You have to acknowledge that as appropriate as tears may be for loss, so too is laughter. Maybe not the actual act of a person dying -- if you find yourself chuckling over car wrecks and leprosy, you may want to seek professional help, because you're a bit of a creepy ghoulie, aren't you? However, it's worth noting that you don't need to deal with death by becoming an emotional wreck.

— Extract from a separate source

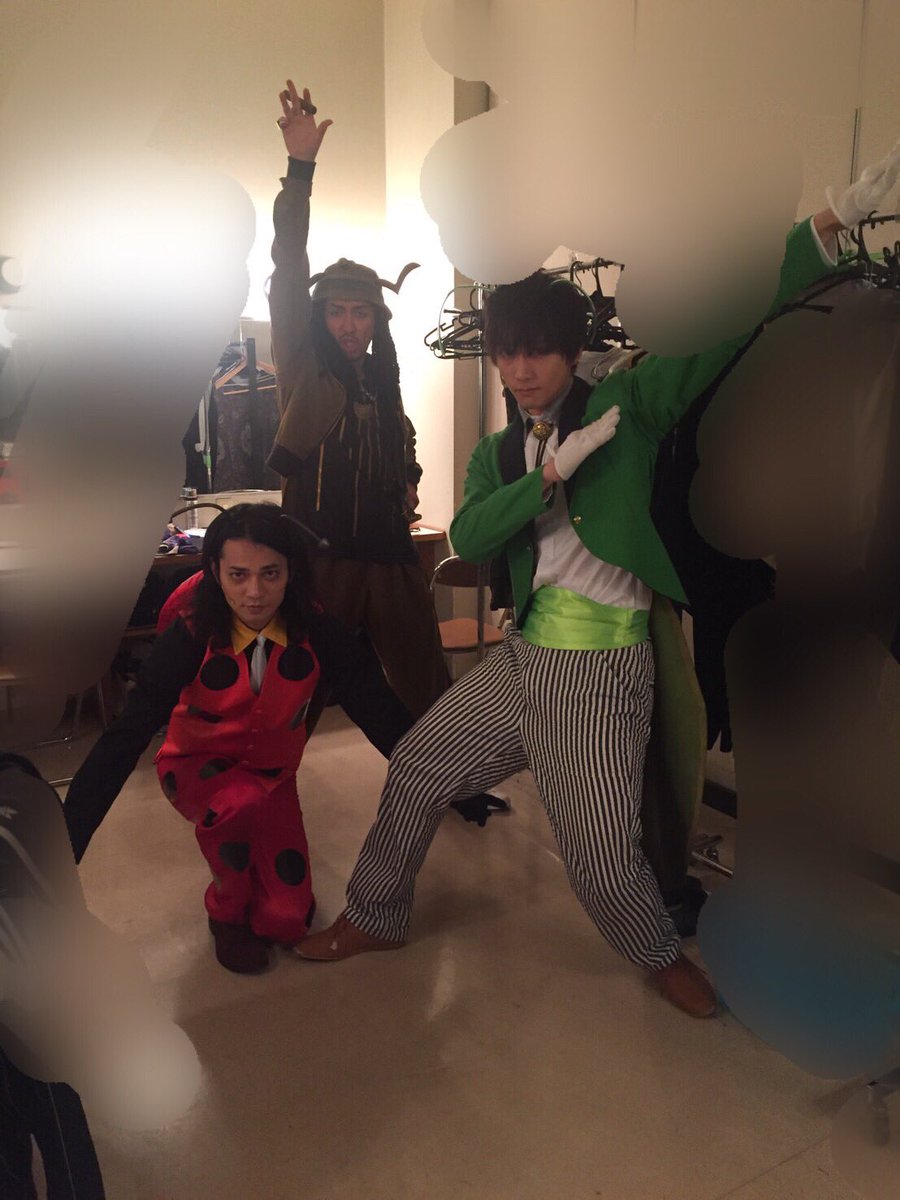 Twitter पर 荒木健太朗official 公式 本人 無事東京公演 終了しました 沢山のご来場 誠に誠にありがとうございました 大阪も 楽しみましょうやー やべー 3人とも果てしなくポーズがダサい 僕のポーズがわかる人はなかなかのドラゴンボール通です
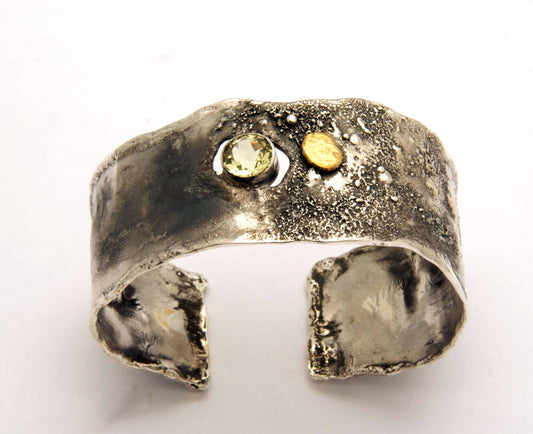 Reticulated Cuff with Stone: Medium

In times of stress, I become almost unbearably goofy. I enrage others in tense situations due to my tenuous grasp on seriousness that becomes more and more ephemeral the angrier people get with me until the point where I either get hit or have to hit someone else. I'm not proud of it, but it happens. I will smile like a drunken Cheshire Cat making it rain at a strip club when the shit hits the fan and have little to no ability to somber up for the sake of maintaining decorum. It's not necessarily that I think it's funny if someone died, or you lost your job, or the city is being locked down due to the presence of mutant isopods -- it's just my natural reaction. I suppose on some level even my writing is an outlet for that, for my desire to make people laugh. I enjoy it, I want to be entertaining on a basic level, and, even when wholly inappropriate, I still try to do it.
Now the problem here is that I am acknowledging it as wholly inappropriate when I don't even feel it's inappropriate. I feel that others feel it's inappropriate. But there's plenty of evidence to indicate that not everyone thinks you need to wear black and mope around in the face of death. A mourning period, a time of sadness to reflect on pain and loss, is normal, but at a funeral, for instance, you don't need to all be weeping to "Amazing Grace" and wishing Grandpa Cankle godspeed. If he was a happy man in life, celebrate his death. Tell funny stories. Put on his favorite obscene puppet show. Show that super-8 film of him and three hookers in Saigon. Whatever he would have liked.
Our sadness comes from a sense of loss, but there's just as much precedent to experience joy when you reflect on what you had and what made that person so important to you in the first place, and in the end, you're likely to feel better making death a final celebration of all the experiences you did have, rather than a lament of all the ones you won't.